AI is most entrenched in image editing, background removal, social media graphic variation, and ad creative iteration. Strategic brand work, design judgment, and client brief interpretation remain predominantly human-led.
For the income streams above, AI shifts the economics in specific ways. In stock illustration, AI has commoditized the low end but created a quality gap that well-crafted human illustration can occupy. In asset sales, AI tools can accelerate production. In consultation and productized services, the skill of working with AI, prompting, directing, refining, and applying design judgment to AI outputs, has become a marketable competency rather than a threat.
The designers facing the most pressure are those whose value proposition was speed and low cost at a commodity level. Designers whose value is judgment, strategy, brand understanding, and execution quality are in a different competitive position.
Not every stream suits every designer. A few questions help narrow the options.
What’s your design specialty? Illustrators and pattern designers have natural advantages in print-on-demand and stock illustration. UI and product designers have an edge in Figma asset sales and UI kits. Brand designers translate well into productized services and Canva templates. Designers with client-facing experience are well-positioned for consultation.
What does your income situation require right now? Productized services and consultation generate income quickly. You can close a productized service package within a week of offering it. Print-on-demand, stock illustration, and courses take months to years to generate meaningful returns. Be honest about whether you can afford to build long before you earn.
Are you willing to build an audience?

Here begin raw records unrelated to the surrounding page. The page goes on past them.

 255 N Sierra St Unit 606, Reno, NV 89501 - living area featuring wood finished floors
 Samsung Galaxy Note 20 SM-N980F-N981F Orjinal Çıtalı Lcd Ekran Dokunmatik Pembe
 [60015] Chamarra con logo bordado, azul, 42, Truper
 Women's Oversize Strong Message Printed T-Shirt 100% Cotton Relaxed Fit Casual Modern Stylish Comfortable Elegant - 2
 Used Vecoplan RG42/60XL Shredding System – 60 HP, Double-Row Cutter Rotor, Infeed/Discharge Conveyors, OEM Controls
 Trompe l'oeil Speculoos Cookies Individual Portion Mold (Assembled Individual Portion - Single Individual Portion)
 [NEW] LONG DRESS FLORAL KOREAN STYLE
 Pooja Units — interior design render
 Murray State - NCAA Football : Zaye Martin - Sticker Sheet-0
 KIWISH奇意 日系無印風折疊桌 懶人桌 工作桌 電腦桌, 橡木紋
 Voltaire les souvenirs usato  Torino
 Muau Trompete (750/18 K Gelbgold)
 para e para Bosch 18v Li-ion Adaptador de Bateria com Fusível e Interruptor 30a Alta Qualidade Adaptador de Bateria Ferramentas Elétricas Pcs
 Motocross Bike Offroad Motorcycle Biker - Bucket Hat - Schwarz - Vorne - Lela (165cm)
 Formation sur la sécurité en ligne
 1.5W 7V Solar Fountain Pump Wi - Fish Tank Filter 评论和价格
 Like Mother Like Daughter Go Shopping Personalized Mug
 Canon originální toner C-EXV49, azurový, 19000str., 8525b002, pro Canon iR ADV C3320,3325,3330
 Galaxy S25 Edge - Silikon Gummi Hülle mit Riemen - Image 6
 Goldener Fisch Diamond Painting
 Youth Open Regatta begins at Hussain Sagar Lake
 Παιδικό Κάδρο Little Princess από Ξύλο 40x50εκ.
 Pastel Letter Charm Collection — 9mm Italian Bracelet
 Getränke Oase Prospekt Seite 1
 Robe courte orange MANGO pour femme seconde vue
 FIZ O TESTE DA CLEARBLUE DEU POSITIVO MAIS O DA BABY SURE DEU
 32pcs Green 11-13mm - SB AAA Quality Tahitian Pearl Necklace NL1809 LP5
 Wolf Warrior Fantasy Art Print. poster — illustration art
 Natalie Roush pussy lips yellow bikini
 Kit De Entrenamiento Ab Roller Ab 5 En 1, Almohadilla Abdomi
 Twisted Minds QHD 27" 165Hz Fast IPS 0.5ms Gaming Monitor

Courses, YouTube, and Gumroad direct sales all scale significantly with an audience behind them. Creative Market and Etsy provide organic marketplace traffic, so you can start earning without a built audience. Match the stream to your current situation and your patience for distribution.
How much client contact do you want? Productized services and consultation involve direct client interaction. Asset sales, POD, and stock illustration are effectively audience-free after setup. If you’re adding a side hustle to reduce dependence on clients, choose streams that don’t add more of them.
Asset marketplaces and POD platforms handle their own payments. But when you invoice clients directly, whether for a productized logo package, a consultation session, or an ongoing design retainer, you need a reliable way to send a professional invoice and get paid.
Platforms like Ruul let you invoice clients in 190 countries without needing a registered company. Ruul acts as the legal counterparty, handles the invoice, and pays you within one business day of client payment. A 5% commission applies with no setup cost or monthly fees. For designers picking up client-facing side hustle work, that removes a significant administrative layer from what should be a straightforward transaction.
If you work with international clients or want flexibility in how you receive earnings, Ruul also supports payouts in 140+ currencies, including cryptocurrency withdrawal via USDC if that suits your situation better. Clients pay as they normally would; you simply withdraw in USDC on your end.
When a side hustle grows into consistent revenue, keeping records organized from the start matters. Centralizing invoices and transaction summaries in one place makes tax time predictable rather than stressful. Ruul’s tax-ready documentation features give you an exportable record of every transaction without building a separate system.
Design skills are a more versatile asset than a single client roster reveals. The income models are already there. The question is which one fits what you have, what you’re building toward, and how much time you’re prepared to invest before you see a return.
Start with one stream. Build it to a point of meaningful return before adding another. Volume across mediocre efforts produces less than depth in a focused one.